Buying a home is the most expensive purchase most people will make in
their life and it is generally considered an extremely important
investment. Affording a home and taking care of this investment
involves more than being able to make the monthly mortgage payment.
Maintenance of the home including repairs and preventive maintenance
can be very costly.
So the home has been found, the price is right and the house looks in
pristine condition. The question is, “Can I afford to buy this home
and maintain it”? A GOOD home inspection will provide valuable information as to what the home may need now as well as expenses that may be down the road.
The first clue as to how important a home inspection is, it can be used as a contingency in the purchase offer. This contingency provides that if significant defects are revealed by a home inspection, there are no penalties for backing out of the contract.

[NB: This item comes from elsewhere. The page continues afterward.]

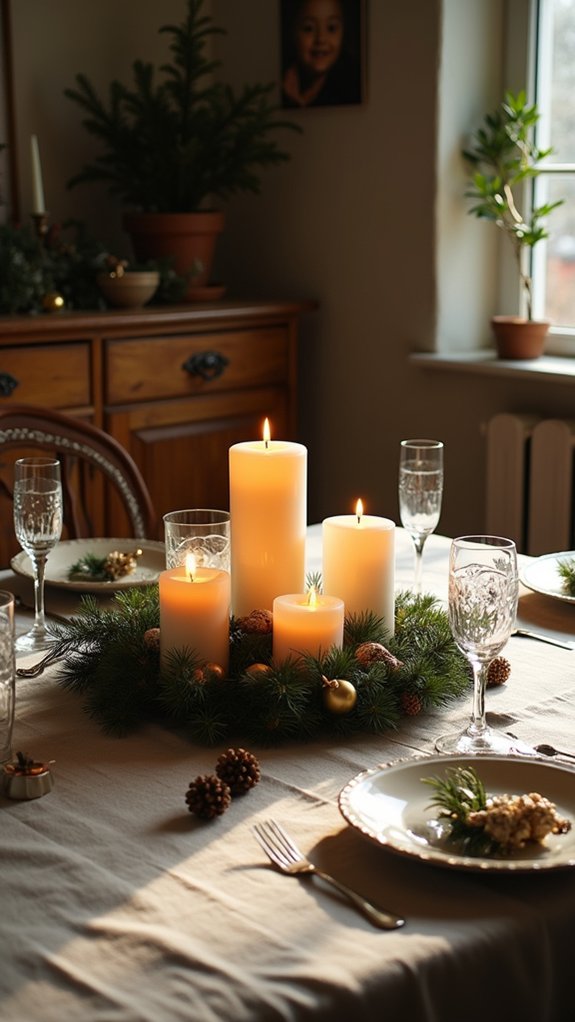 candlelit festive table decor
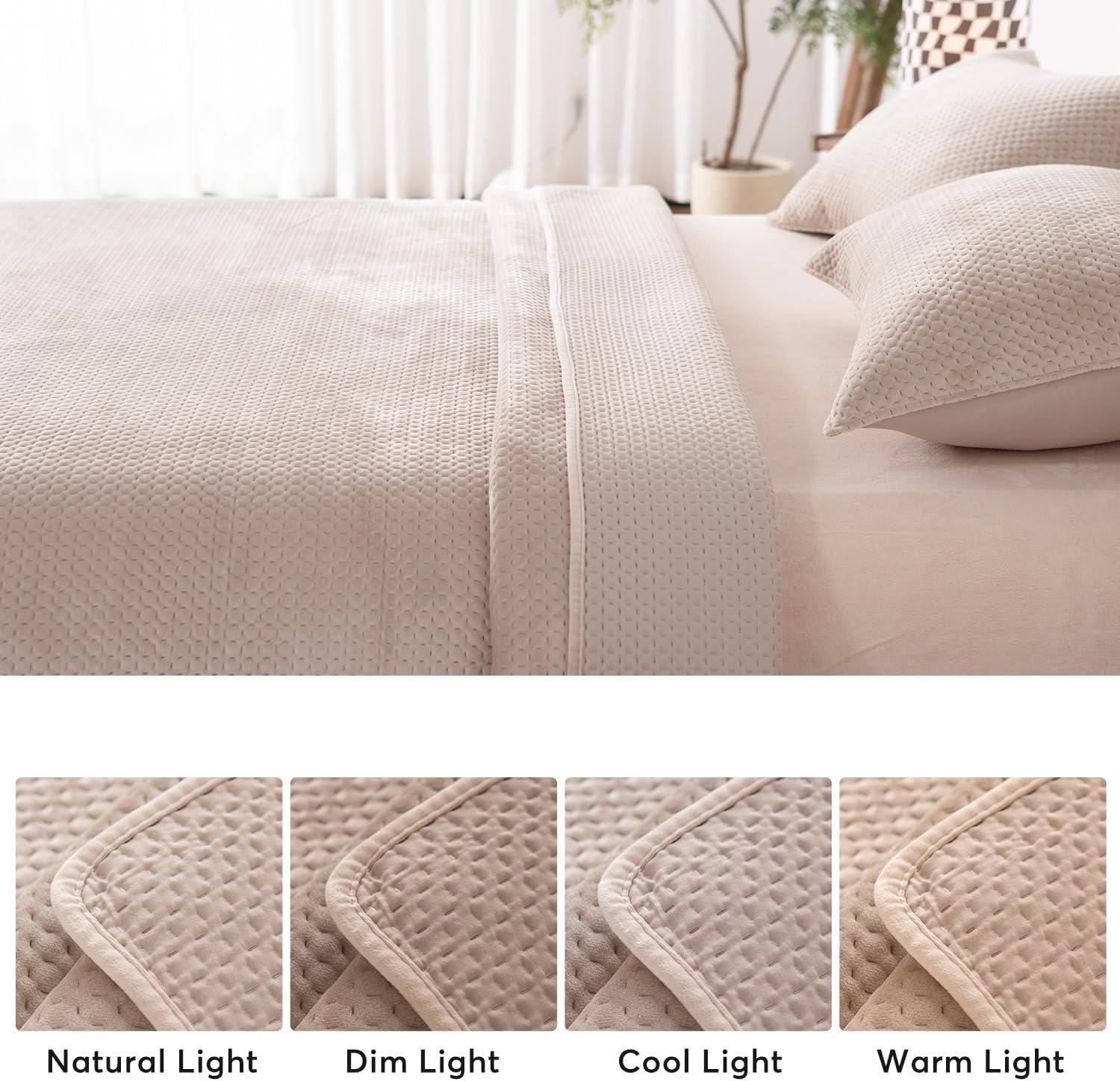 Kasentex  All Season Plush Poly Velvet Lavish Design Quilt Set Soft and Warm Machine Washable Coverlet Rose Queen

A typical inspection lasts about two to three hours and it is preferred for the buyer to be present to get a detailed explanation of what the inspector finds. This also gives the buyer the opportunity to ask questions if things are not clear. It is normal for the inspector to check the condition of the foundation, roof, air conditioning/heating system,plumbing, electrical system, and appliances. Things like termites, chemicals, lead, environmental conditions and rodents are not typically part of a home inspection, but in some cases, can be performed at an additional cost or scheduled with a qualified contractor to be performed at the same time as the home inspection.
If the home inspection comes back with no surprises, the sale can proceed with confidence. If the inspection reveals unexpected deficiencies, the contract can be renegotiated or the buyer can back out of the contract altogether. Even if no deficiencies are found, it is a small price to pay for the peace of mind offered to the wise home buyer who allows someone who is familiar and trained in construction techniques to evaluate the home prior to purchase.
It is too late after the purchase to identify deficiencies and expect the previous owner to be responsible for the problems. The house and it’s problems belong to you. The time to notice and negotiate are before the purchase.